Король в Норвегии не правит, а только царствует. Правят парламент (стортинг), министры, чиновники. Король же для нации вроде живого памятника старины. Бережно сохраняют в музее под открытым небом рубленые дома, сараи и мельницы, сохраняется старинная утварь, одежда, старинные лодки. Отчего же с теми же целями не сберечь королевскую должность? Власти у старика никакой или почти никакой. Но есть у нации кто-то вроде отца. «Как все», король ходит на лыжах, участвует в парусных гонках и, кроме того, открывает государственные церемонии, вручает награды.
Конечно, полагается королю государственное довольствие. Трудно сказать, деньги ли эти невелики и король подрабатывает, или монарх, «как все», хочет быть причастным к земле, к простым делам, но есть у него стадо коров. Излишки молока король сдает в кооператив. И очень возможно, что, завтракая в отеле, мы отведали «королевского» молока.
И коль скоро о молоке разговор, уместно сказать: молоко норвежцы ценить умеют не только за пищевые достоинства, но и в коммерческом смысле. В стране сорок четыре тысячи коров. Прокормить их непросто. С парохода я видел: крестьянин делал что-то на высокой горе. Глянул в бинокль — косит сено. Как он оттуда его переправит? Мне объяснили: сложит в сетку и скатит вниз. Плодородной земли тут немного. Любая куртинка травы тщательно убирается. (На севере, где трав совсем мало, коров приучили есть рыбу.)
Себестоимость молока высокая. Чтобы сделать его доступным для всех и в то же время поощрить фермеров, государство все молоко покупает «в общий бидон». Продается молоко в магазинах дешевле, чем уплачено за него фермерам. К такому приему сейчас прибегают, впрочем, не только в Норвегии.

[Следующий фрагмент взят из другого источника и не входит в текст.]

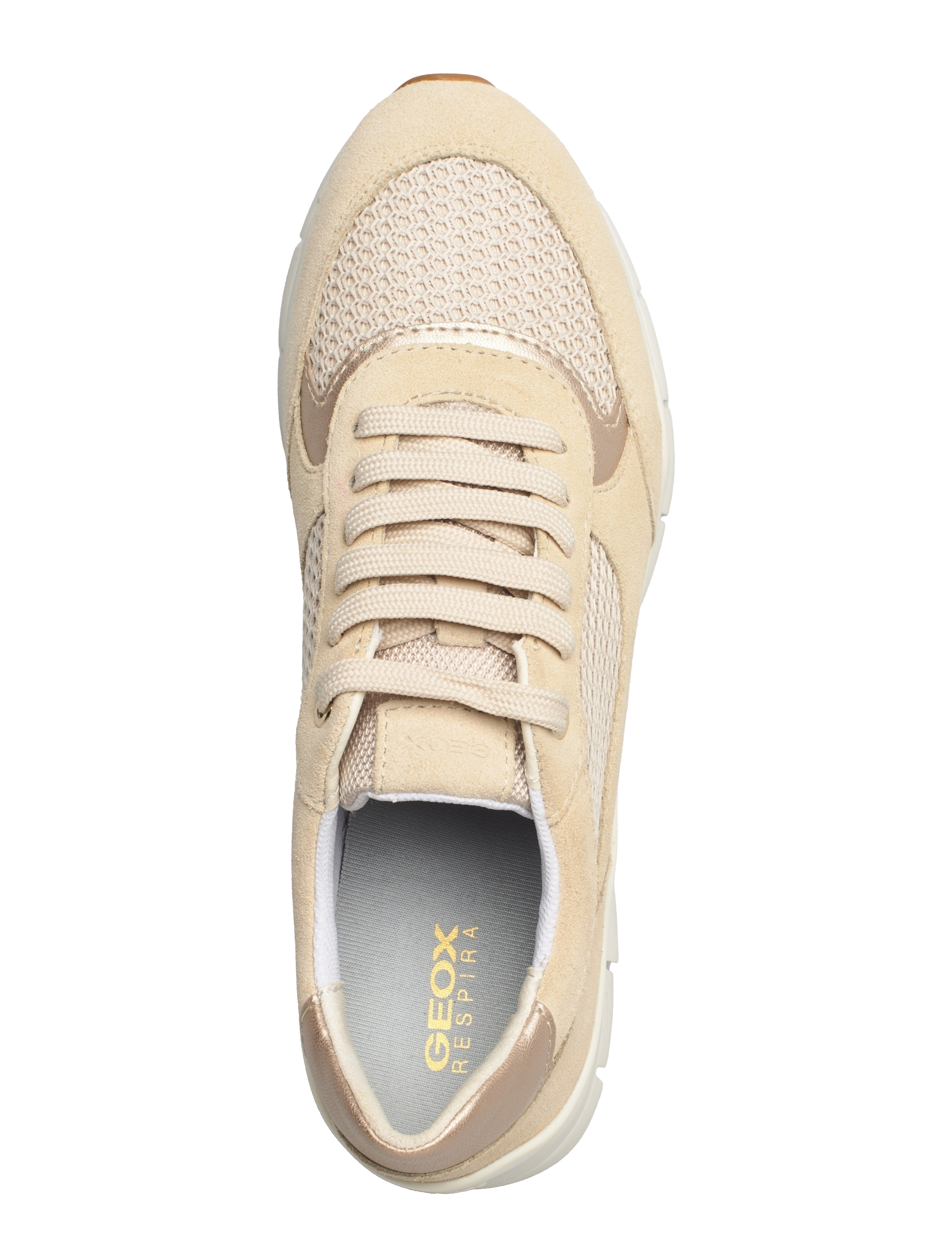 GEOX - D SUKIE A - sand - 3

Еда… В любой стране присматриваешься: что едят, как едят? Я был гостем и не думаю, что лаке (лосось), шампиньоны и куропатка, которыми нас угощали, — обычная пища норвежцев. Расспросы и наблюдения позволяют сказать: хлеба норвежцы почти не едят и, кажется, даже и не испытывают в нем потребности — на столе для тебя в лучшем случае маленькая булочка. Вместо хлеба — картошка. Эта привычка складывалась веками. Хлеб привозной, и отношение к нему соответственное. Мясо тоже тут привозное и дорогое, конечно. На обычном столе его еще меньше, чем хлеба. «По воскресеньям для запаха в суп и котлеты», — сказал мне норвежец в беседе на эту тему. Зато в достатке, я бы сказал, в изобилии сыр самых разных сортов. И конечно, в избытке рыба (одной селедки двадцать сортов). Из рыбы, особенно трески, норвежцы делают массу разнообразных блюд, опять же в сочетании с сыром и со сметаной.

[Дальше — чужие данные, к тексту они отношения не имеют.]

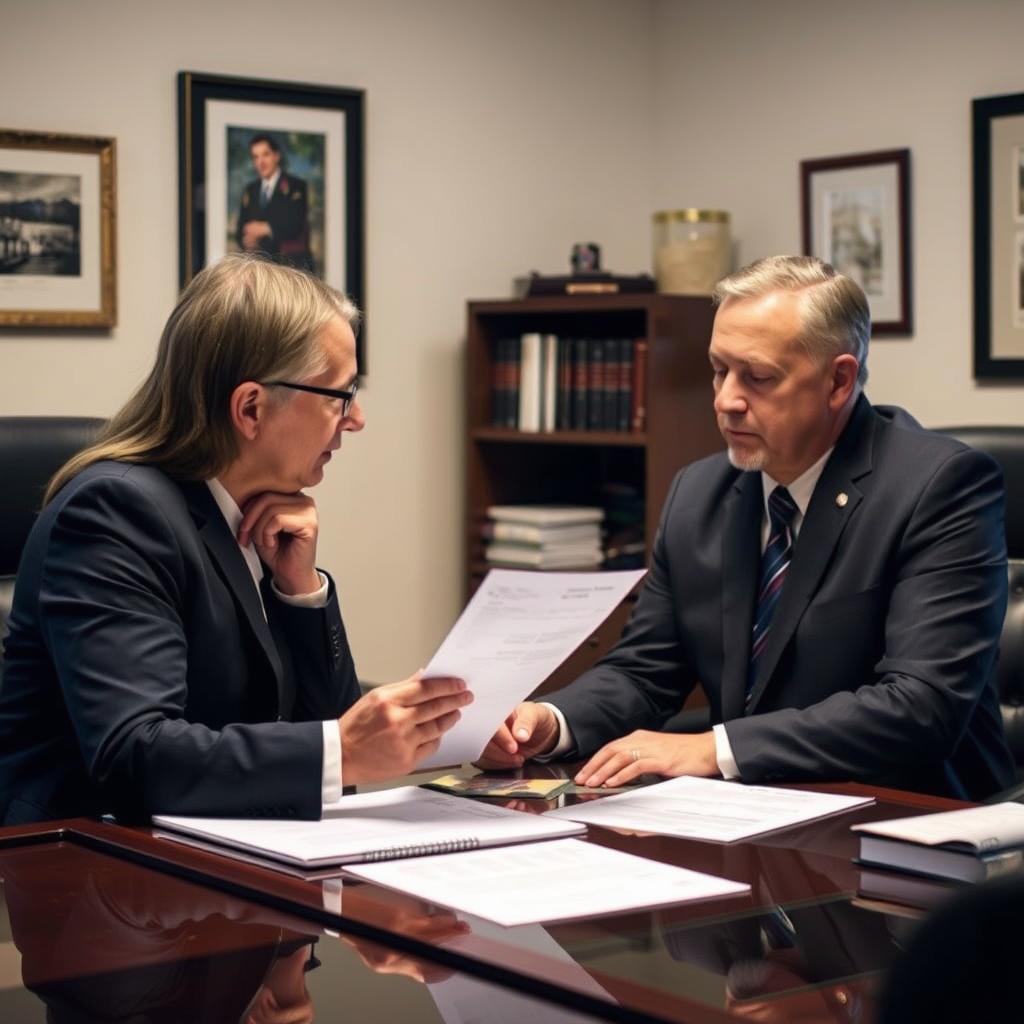 Parole Hearing Lawyer Baltimore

Норвежцы — сластены. Но сахар тут тоже привозной. И возможно, поэтому спрессован в кубики раза в четыре меньше нашего рафинада. Зато в избытке разного рода варенья и джемы: из клюквы, малины, брусники, черники, смородины, голубики. Варенье тут служит приправой едва ли не к каждому блюду, даже к селедке, причем сама по себе селедка нередко тоже сладкая.

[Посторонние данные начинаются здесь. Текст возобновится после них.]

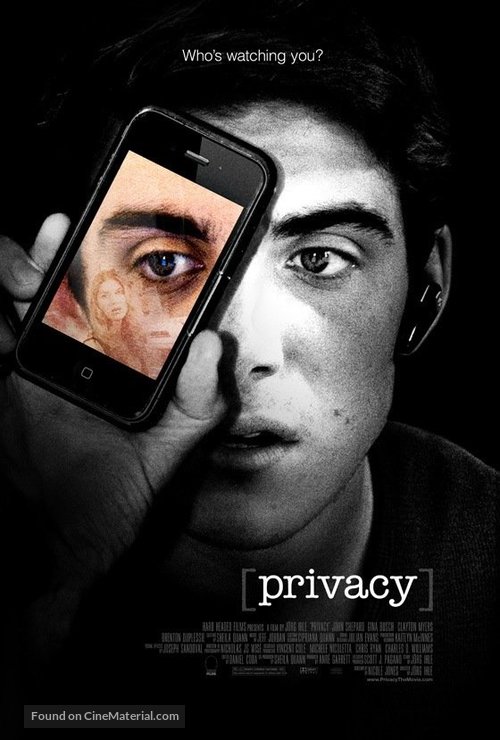 Privacy - Movie Poster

Заметно ни в коем случае не скаредное, но какое-то уважительное, аккуратное обращение с пищей. Тут ничего не ставят на стол с избытком как чревоугодники. Принцип: «Едим, чтобы жить, а не живем, чтобы есть» — хорошо тут усвоен. В прошлом веке Энгельс писал: «Люди здесь… красивы, сильны, смелы…» К этому можно еще добавить — здоровы. Дело, конечно, не только в разумном питании, но и оно в человеческой жизни не последнее дело.
Не едят норвежцы грибов. Удивительно, но эти стоящие близко к природе люди грибов не знают и, пожалуй, даже боятся. Грибов же тут пропасть. Москвичи, живущие в Осло, ходят нередко только за белыми. Норвежцы, читая в газетах статьи о грибах — «Это едят и это вкусно!» — тоже пробуют собирать. Но без консультации специалиста грибы домой редко кто носит. То же самое я наблюдал в ГДР. Там, в Лейпциге, мы видели эмалированные пластинки на дверях дома: «Консультант по грибам». В Норвегии «справочные пункты» в субботу и воскресенье организуются прямо в лесу. В одном месте мы видели, как идет консультация. Спортивного вида старушка в очках перебирала содержимое кузовка двух молодых супругов. Грибы она разглядывала, нюхала и даже пробовала на вкус. Итог: «Эти четыре возьмите, остальные следует выбросить».
В Осло нам показали фильм, чтобы мы знали, какой бывает Норвегия в зимнее время. Это был гимн лыжам и лыжникам. Нет, чемпионов по бегу мы не увидели, хотя родиной их часто бывает Норвегия. Но мы увидели, как Осло пустеет в выходной день: из четырехсот тысяч с лишним жителей города сто тысяч становились на лыжи. Молодежь, папы и мамы с рюкзаками, семидесятилетние бабушки, дедушки и трехлетние внуки — все на лыжах! Одни — потихоньку, другие — бегом. (Дистанция пятьдесят — шестьдесят километров считается нормой дневного похода.) Для ночлега и убежища в непогоду по всей Норвегии разбросаны домики «хюгге», где лыжник найдет очаг, свечку, дрова и спички.
Нет в обиходе норвежцев предмета более распространенного, чем лыжи. Есть в Осло и лыжный музей. С изумлением стоишь у деревянных пластинок, которые кто-то в здешних местах надевал для хождения по снегу две тысячи двести (!) лет назад. Лыжи, лодка и колесо — древнейшие изобретения. В этих гористых озерных местах лыжи и лодка были важнее, чем колесо. И каких только лыж не придумано! Охотничьи, беговые, для хождения по горам, лыжи-лапки из ремешков на раме, лыжи, подбитые мехом, лыжи из пластика с металлической оторочкой. Тут, в Норвегии, производят лучшие в мире лыжи. Сырье для них под боком, главным образом это береза. Но для самых хороших лыж покупают норвежцы в Америке дорогую упругую древесину гикори.
Далеко ли можно уйти на лыжах? Фритьоф Нансен на лыжах за сорок два дня пересек Гренландию. Другой норвежец, Руаль Амундсен, добрался на лыжах к Южному полюсу. Лыжи, реликвии этих походов, хранятся в музее. И конечно, норвежцы глядят на заостренные и загнутые дощечки как на святыни.
Впечатляет, однако, и жизненная обыденность древнейшей оснастки ног для хождения по снегу. На работу — на лыжах, в гости — на лыжах; на охоту, в школу, за почтой, к больному на вызов, в одиночку, всей семьей, как только научился ходить и в годы, когда ноги служат уже еле-еле, — все время и всюду на лыжах! «Норвежец родится с лыжами на ногах», — из всех северных поговорок эта, пожалуй, самая точная.